Speeding up dataloaders on google colab

Hello good people; So I have read about questions similar to this one but didn’t get any results by implementing the changes mentioned(like increasing the number of the workers-the model is fast , thus doing so won’t be necessary, or pin = true -which actually helped a little bit.
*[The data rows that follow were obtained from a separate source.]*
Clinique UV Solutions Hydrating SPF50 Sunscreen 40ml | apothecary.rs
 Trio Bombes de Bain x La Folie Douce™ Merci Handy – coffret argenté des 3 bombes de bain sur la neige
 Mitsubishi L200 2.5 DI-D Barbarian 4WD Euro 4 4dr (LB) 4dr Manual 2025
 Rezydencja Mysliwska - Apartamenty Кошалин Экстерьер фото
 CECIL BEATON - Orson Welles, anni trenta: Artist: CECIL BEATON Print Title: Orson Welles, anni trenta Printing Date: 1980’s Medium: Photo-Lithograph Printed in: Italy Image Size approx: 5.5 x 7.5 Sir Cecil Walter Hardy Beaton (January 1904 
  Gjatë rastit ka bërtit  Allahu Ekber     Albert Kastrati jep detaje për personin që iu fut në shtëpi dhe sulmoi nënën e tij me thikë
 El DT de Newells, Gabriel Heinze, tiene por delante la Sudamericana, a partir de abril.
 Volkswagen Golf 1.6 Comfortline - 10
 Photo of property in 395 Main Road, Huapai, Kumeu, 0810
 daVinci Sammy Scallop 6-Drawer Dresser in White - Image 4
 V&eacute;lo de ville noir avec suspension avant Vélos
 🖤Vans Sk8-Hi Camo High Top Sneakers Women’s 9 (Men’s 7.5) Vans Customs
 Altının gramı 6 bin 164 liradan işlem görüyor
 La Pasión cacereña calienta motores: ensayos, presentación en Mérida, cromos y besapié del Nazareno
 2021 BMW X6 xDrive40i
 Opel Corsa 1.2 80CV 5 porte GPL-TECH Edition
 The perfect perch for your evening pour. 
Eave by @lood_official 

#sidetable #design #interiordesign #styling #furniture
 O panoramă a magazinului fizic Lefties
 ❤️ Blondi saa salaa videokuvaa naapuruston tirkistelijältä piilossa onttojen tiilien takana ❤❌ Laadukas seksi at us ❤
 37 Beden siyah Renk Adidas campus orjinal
But still, there is a way to go . so my dataset contains images of size 384*512, in .bmp format (3000 of them ). and here is the code for the dataset :

    def __init__(self, imagenames , refDir , ssimDir, transform=None):
        self.refDir = refDir
        self.ssimDir=ssimDir
        self.imagesName = imagenames
        self.transform = transform
        
    def __getitem__(self, index):
      x = Image.fromarray(io.imread(os.path.join(self.refDir , self.imagesName [index])))
      y = Image.fromarray(io.imread(os.path.join(self.ssimDir , self.imagesName [index])))
      if self.transform:
          x = self.transform(x)
          y = self.transform(y)
      return x, y
    def __len__(self):
        return len(self.imagesName)
transform=transforms.Compose([
                            transforms.ToTensor(),
                            transforms.Normalize((0.5,0.5,0.5), (1.0,1.0,1.0))
                        ])
disortedDir = r'/content/gdrive/MyDrive/tid2013/distorted_images'
ssimMapsDir = r'/content/gdrive/MyDrive/tid2013/ssimMaps'
training_data = MyDataset(X_train , disortedDir , ssimMapsDir , transform)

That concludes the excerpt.